Several researchers demonstrated that no single model consistently performs well, but rather that individual model performances fluctuate depending on the setting [62,74,75]. The selection of a distributed model depends on the study objectives, application, and data availability. Despite the complexity of distributed hydrological models, they are extremely useful for studying changes in hydrological processes induced by man-made activities including urbanization, industrialization, deforestation, water extraction, etc. Im et al. [45] used a calibrated SHE model to investigate the impact of land-use changes on the hydrological response and predicted streamflow well within the Gyeongancheon watershed in South Korea. Zhang et al. [76] also found the SHE model very useful to understand the rainfall–runoff mechanism in northwestern China. Yin et al. [77] demonstrated that the MIKE FLOOD model and the integrated SWMM and Cellular Automata Dual-Drainage Simulation (CADDIES) 2D model performed similarly for runoff simulation. Mobilia et al. [78] compared the performance of three hydrological models: the Nash Cascade Model, SWMM, and the HYDRUS-1D model. The findings suggested that the SWMM model and HYDRUS model perform well with an average Nash–Sutcliffe efficiency (NSE) 0.65, while the Nash Cascade Model was found to be superior with NSE 0.73. The availability of extensive databases is one reason why distributed parameter models have not been widely used. Future advancements in data collection, such as the use of geographical information systems (GIS), will likely lead to greater usage of distributed hydrological models.

2.3. Empirical Models

Empirical models are observation-based models which rely solely on current data without taking into account the characteristics and processes of the hydrological system, and these models are also known as data-driven models [53]. They use mathematical equations generated from simultaneous input and output time series rather than physical processes of the watershed. Majority of empirical models are black-box models, which means that very little or no information about the internal process that generates runoff results is known [2,79]. In empirical models, the governing equation for calculating runoff is a function of inputs as expressed in Equation (2) [80]:
R u n o f f = F ( X , Y )
where X and Y are precipitation and historic runoff.
Unit hydrograph (UH) and Soil Conservation Service Curve Number (SCS-CN) are simple empirical models. Statistical-based empirical models employ regression and correlation methods to determine the functional connection between inputs and target variables. Machine learning approaches employ data-driven artificial neural networks (ANN) that self-train to understand the relationship between rainfall and runoff. The empirical models are best employed when no extra outputs are required; for instance, this type of model cannot determine the distribution of runoff across upstream and downstream areas. Empirical models perform good modelling results in ungauged watersheds owing to a lack of particular knowledge about the watershed [81]. Empirical models can produce reliable simulations in a variety of conditions, including longer time steps and reconstructing historical runoff values, because they need few parameters [8]. Empirical models are selected for a variety of reasons, including ease of implementation, quicker calculation speeds, and cost efficiency [49]. Empirical models are data-driven, so input is the main source of uncertainty; any misinterpretation of input data has substantial consequences on the predicted output. One disadvantage of empirical models is that they may yield results that differ from what accepted theoretical analysis would recommend [2]. The most prominent limitation of empirical models is that their parameters cannot be directly determined from the watershed, hence they need to be calibrated [27].

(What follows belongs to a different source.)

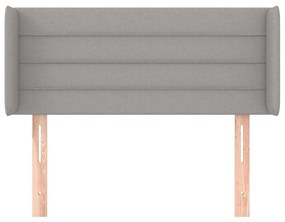 Κεφαλάρι με Πτερύγια Ανοιχτό Γκρι 83x16x78/88 εκ. Υφασμάτινο - Γκρι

3. Machine Learning Methods for Rainfall–Runoff Modelling

It has been scientifically proven that the forecast of the river system and its runoff pattern is particularly challenging owing to natural changes and physical processes associated with the river system. In hydrological modelling, the desire to increase the accuracy and reliability of hydrological variable predictions has received a great deal of attention [82]. Owing to model instability and runoff behavior, such as extreme episodes in historical records, a substantial number of models are unable to provide reliable forecasts [83]. Therefore, researchers have focused on developing more robust and sophisticated machine learning (ML) methods for runoff modelling and flood prediction in recent years [84]. In ML models, the association between hydrological cycle variables and runoff is examined directly without regard for the actual processes involved [85]. However, such ML (black-box) approaches are good enough at modelling runoff [86,87]. The most widely used ML approaches in hydrologic research are K-nearest neighbor (K-NN), decision tree (DT), fuzzy rule-based systems (FRBS), ANN, deep neural networks (DNN), adaptive neuro-fuzzy inference system (ANFIS), and support vector machine (SVM), etc. Numerous researchers have utilized these ML models for rainfall–runoff analysis. The pros and cons of these ML models are listed in Table 2.
The schematic diagram of most commonly used ML models such as ANN, DNN, ANFIS, and SVM is presented in Figure 2.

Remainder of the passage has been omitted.